Directions for this task
Copy out the lines beginning at the one with "Solar Powered Fan" and ending at the last line of the data, both included; pictures stay out.

****************

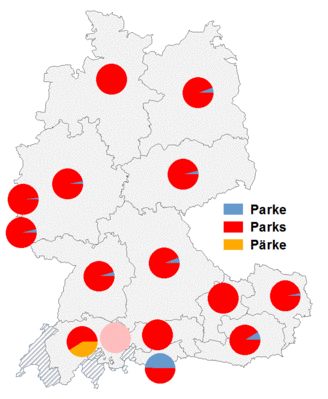 Relative Auftretenshäufigkeit von Parke / Parks / Pärke innerhalb der einzelnen Areale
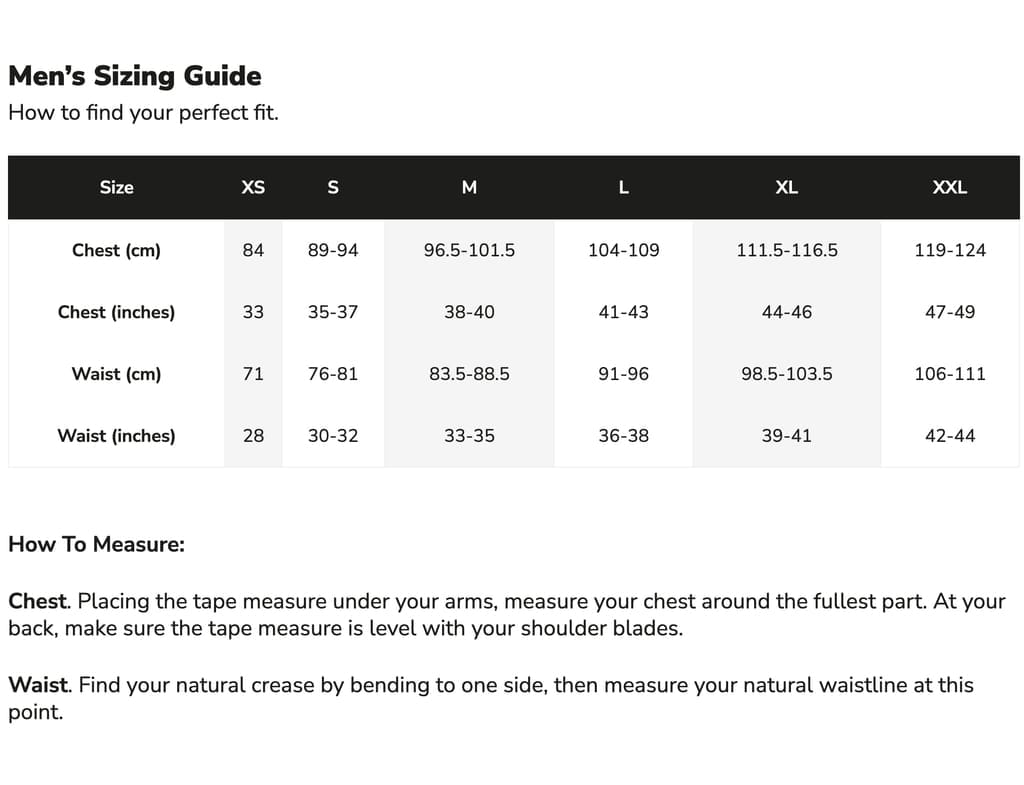 Saltrock Size Chart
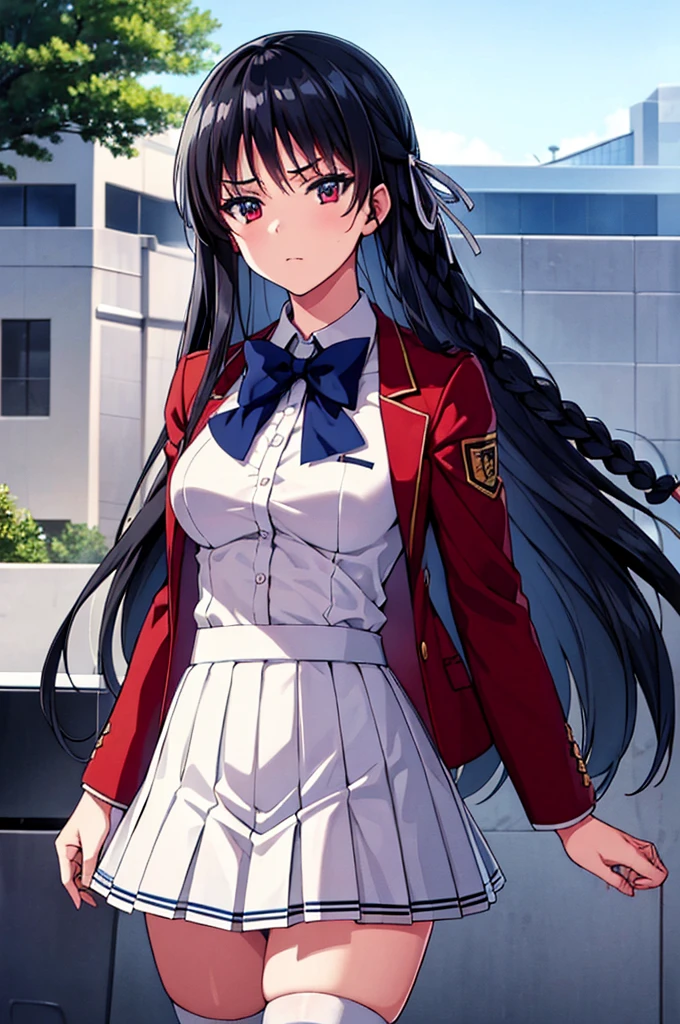 (masterpiece), (ultra detailed), best illustration, super fine illustration, (official art:1.2), (anime screencap:1.2), detailed beautiful face and eyes, anime keyvisual, (perfect anatomy:1.5), 8k portrait, 
1girl,
Suzune Horikita \(youjitsu\),
long hair, braid, 
black hair, 
red eyes, slant eyes, small eyes, 
blue bow, 
medium breasts, (red jacket, white skirt, shirt formal, pleated skirt, black thigh-high socks),
BREAK looking at viewer, 
cowboy shot, 
perfect light, 
background of outdoor, school building, 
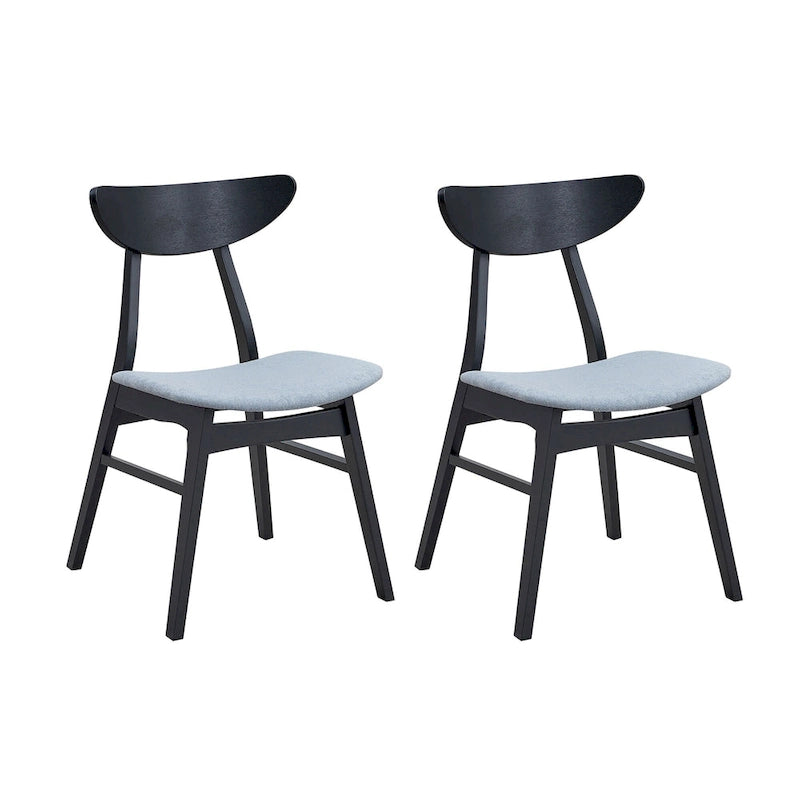 Ensemble de table à manger en bois pour 4 personnes, ensemble de table et chaises de cuisine 5 pièces comprenant une table carrée et 4 chaises rembourrées en tissu
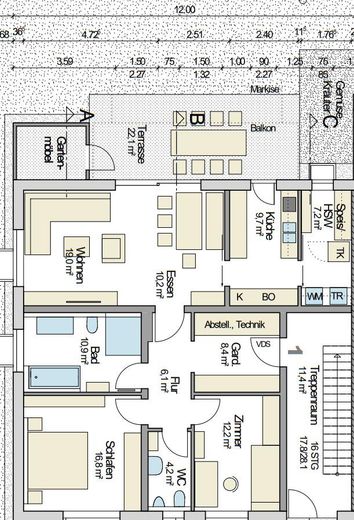3-Zimmer-Erdgeschosswohnung mit eigenem Garten – Modernes Wohnen mit viel Freiraum in Steinheim – Grundriss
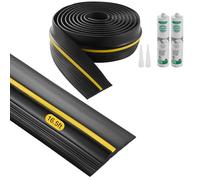VEVOR Joint de porte de garage, 5 m, seuil d'étanchéité universel pour bas de porte de garage, bande résistante aux intempéries, avec adhésif, remplacement de coupe-froid en PVC épais amélioré, noir
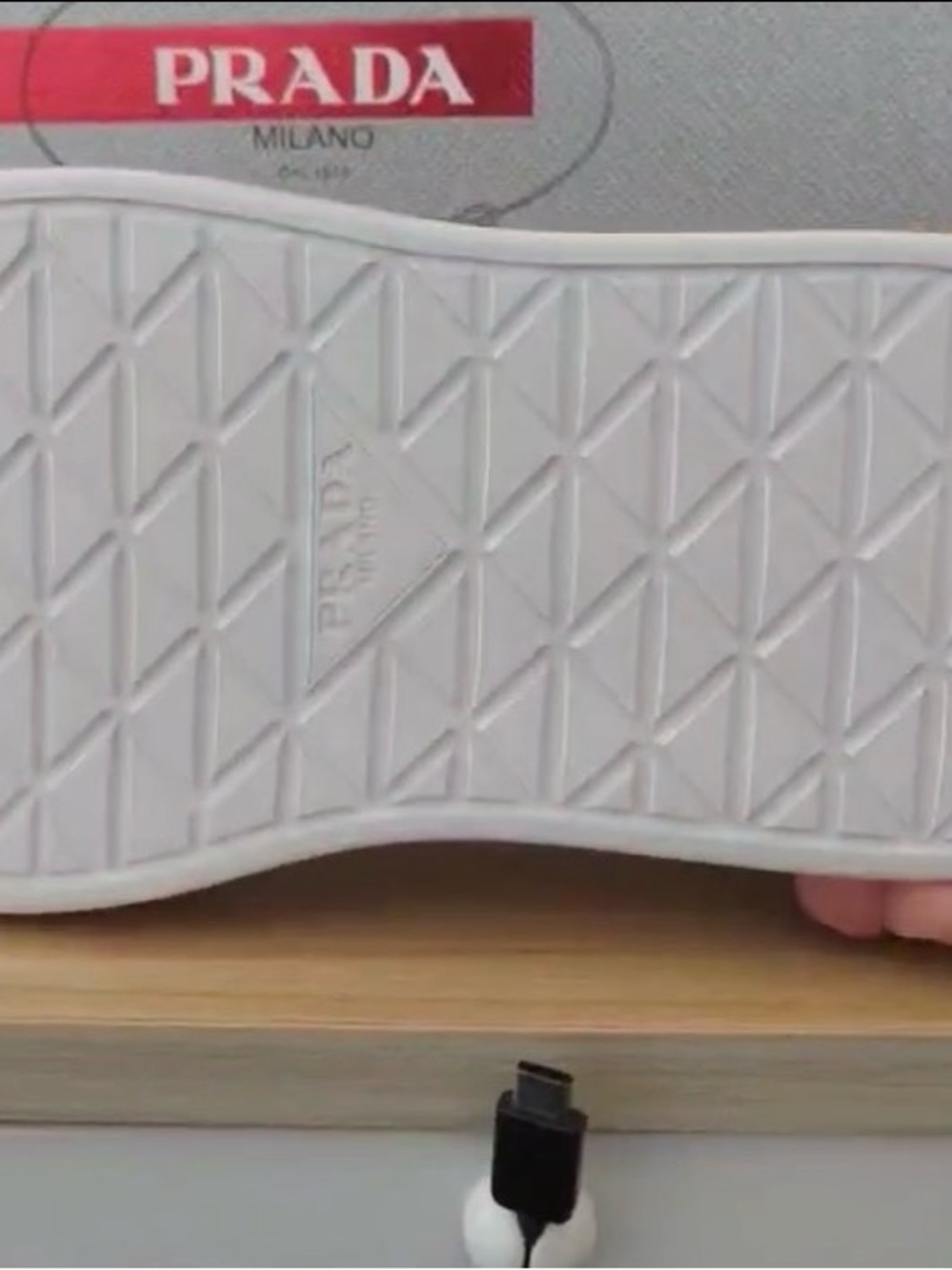 Prada White Leather Low-Top Sneaker with Black Logo - Picture 1 of 4
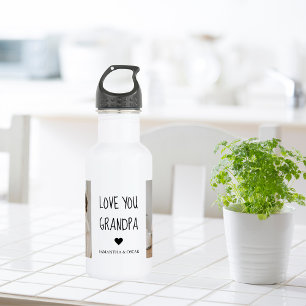 Modern Collage Photo Love You Grandpa Best Gift 532 Ml Water Bottle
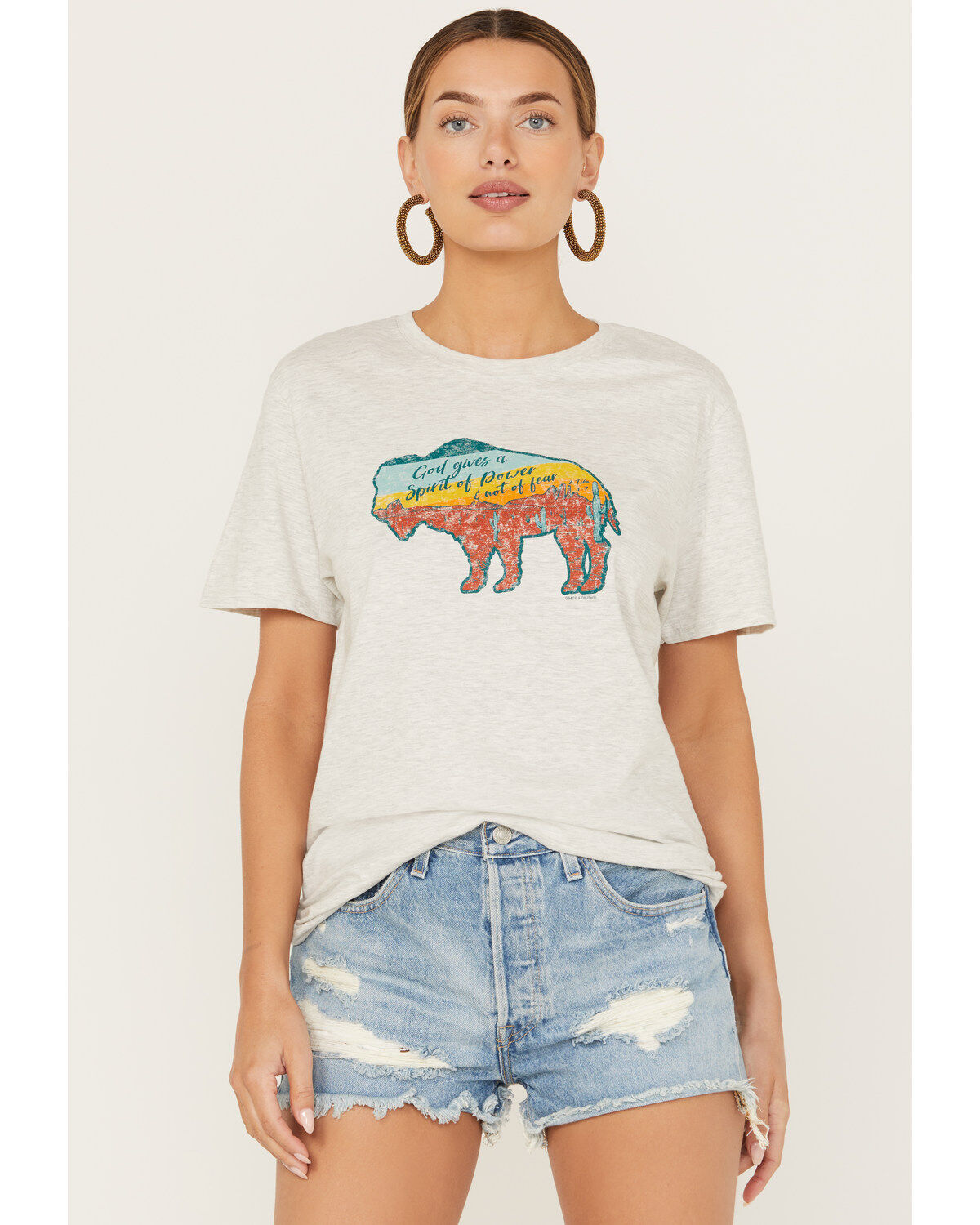 Kerusso Women's Bison Short Sleeve Graphic Tee
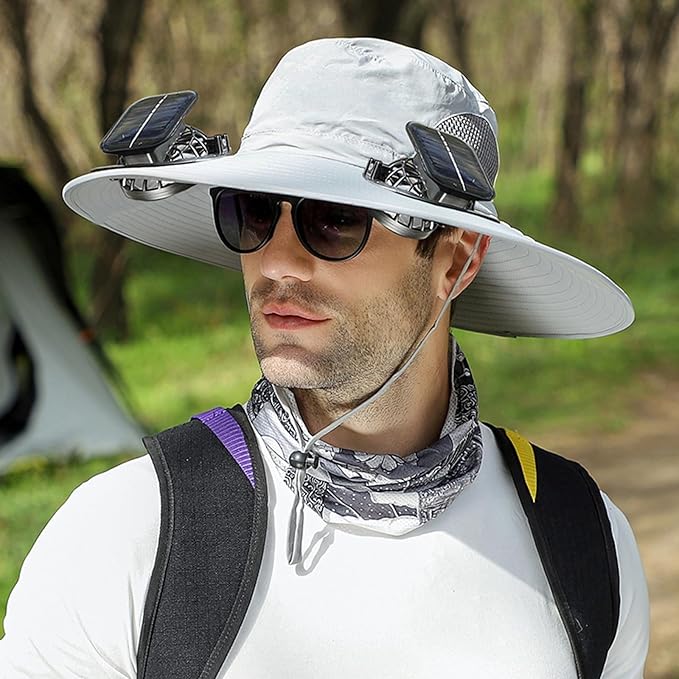 Solar Powered Fan Hat with 2 Fans, Wide Brim Sun Hat for Men Women, Adjustable Cooling Fishing Hat for Outdoor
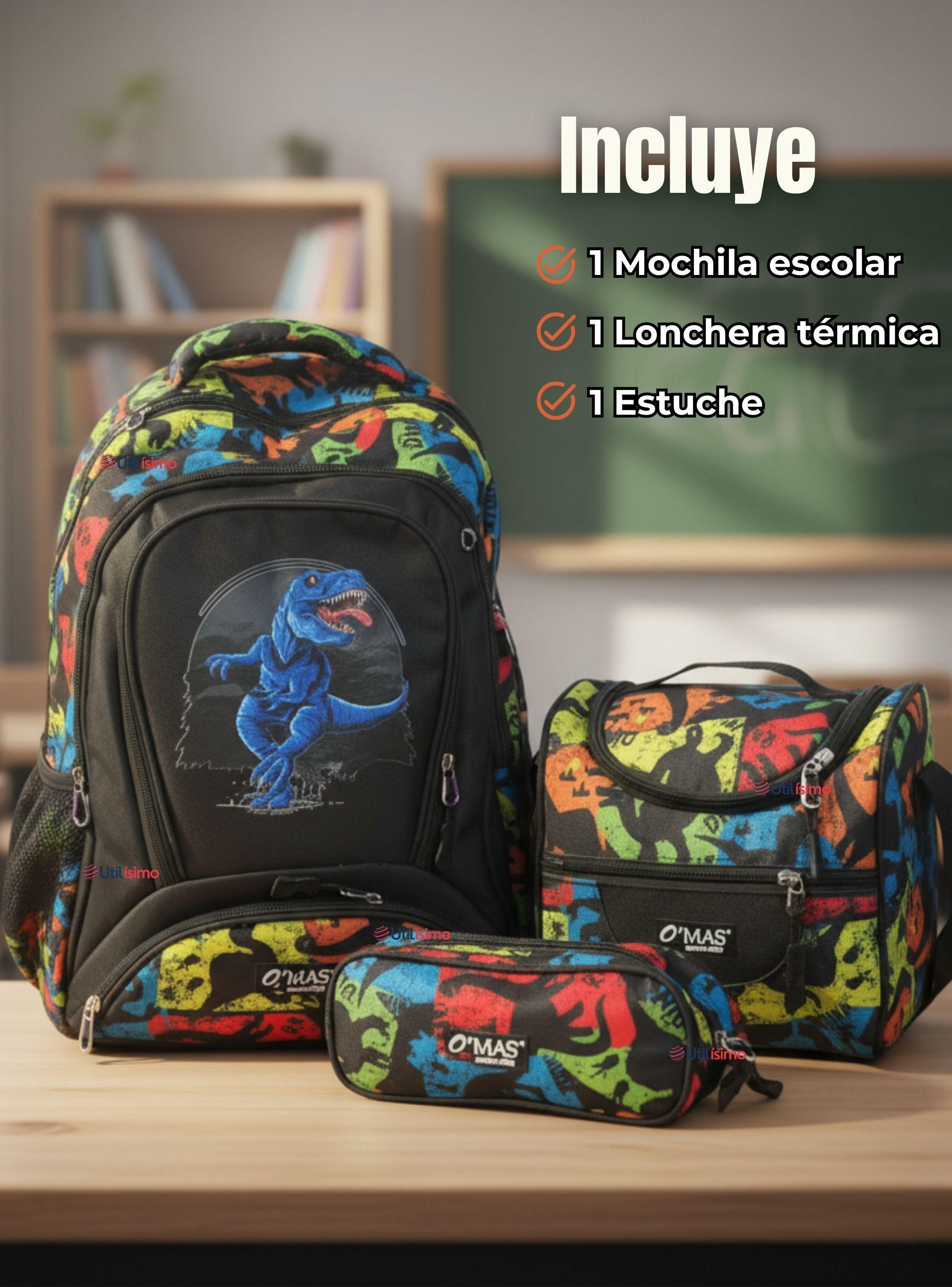 Mochila Escolar Kit Con Estuche y Lonchera 45 cm Tela Oxford Dinosaurio Azul Niño-1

****************

Task answer
 Solar Powered Fan Hat with 2 Fans, Wide Brim Sun Hat for Men Women, Adjustable Cooling Fishing Hat for Outdoor
 Mochila Escolar Kit Con Estuche y Lonchera 45 cm Tela Oxford Dinosaurio Azul Niño-1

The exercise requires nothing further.